Par Damien Simonin [1]
Mutantes est le deuxième film de Virginie Despentes, après l’adaptation qu’elle a réalisé avec Coralie Trinh-Thi de son premier roman Baise-moi (France, 2000). Ce documentaire, composé d’entretiens et d’extraits de films ou de performances, a été réalisé entre 2005 et 2009 aux États-Unis, en France et en Espagne principalement, avec notamment Marie-Hélène Bourcier [2] (pour une partie des entretiens) et Beatriz Preciado [3] (créditée « conseillère genre »).
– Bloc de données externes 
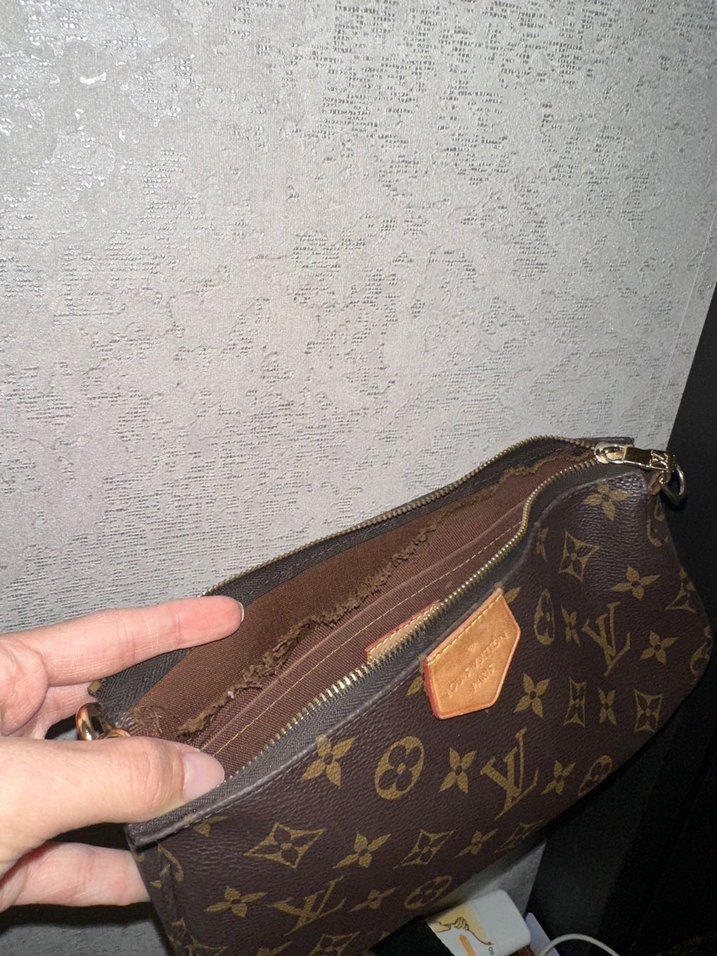 Louis Vuitton Multi Pochette modeli birebir çanta - Görsel 5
Il sort le 6 octobre en DVD, après une diffusion exclusive sur Pink TV en décembre 2009.
Le film s’inscrit dans la suite de son essai autobiographique King Kong théorie [4], en proposant une présentation historique du « féminisme porno punk » depuis les années 1970. Plus précisément, il porte sur quelques actrices du « mouvement post-porn », qu’on pourrait notamment caractériser par des usages critiques des représentations explicites d’organes sexuels et de pratiques érotiques. Autrement dit, les différentes formes de réappropriations politico-esthétiques des pratiques et des représentations sexuelles dans le « féminisme pro-sexe, pro-putes, SM ou lesbien », au cinéma, en photographie, en musique, dans des performances, ou encore des écrits théoriques ou littéraires.
L’auteure expose sa position d’emblée : « le corps, le plaisir, la représentation pornographique et le travail sexuel sont des outils politiques dont on doit s’emparer », « un front de résistance important pour le féminisme » [5]. Elle retrace alors une histoire subjective de ce mouvement, à commencer par son émergence sur la Côte Ouest des États-Unis dans les années 1980. Annie Sprinkle, Scarlet Harlots, Norma Jean Almodovar, Carol Queen ou Candida Royalle ont choisi d’expérimenter différentes formes de prostitution, tout en militant dans des mouvements de travailleuses du sexe, féministes et/ou lesbiens. Il s’agissait alors surtout pour elles de distinguer les luttes féministes et l’opposition à la prostitution ou à la pornographie, d’affirmer la légitimité de ces pratiques aussi bien comme outils de luttes féministes que comme sources possibles de plaisir pour des femmes. Depuis, « le féminisme pro-sexe a traversé l’Atlantique. Ses héritières européennes mixent punk-rock, politique des genres et cultures trans-pédé-gouine, pour rendre visibles des pratiques sexuelles dissidentes. »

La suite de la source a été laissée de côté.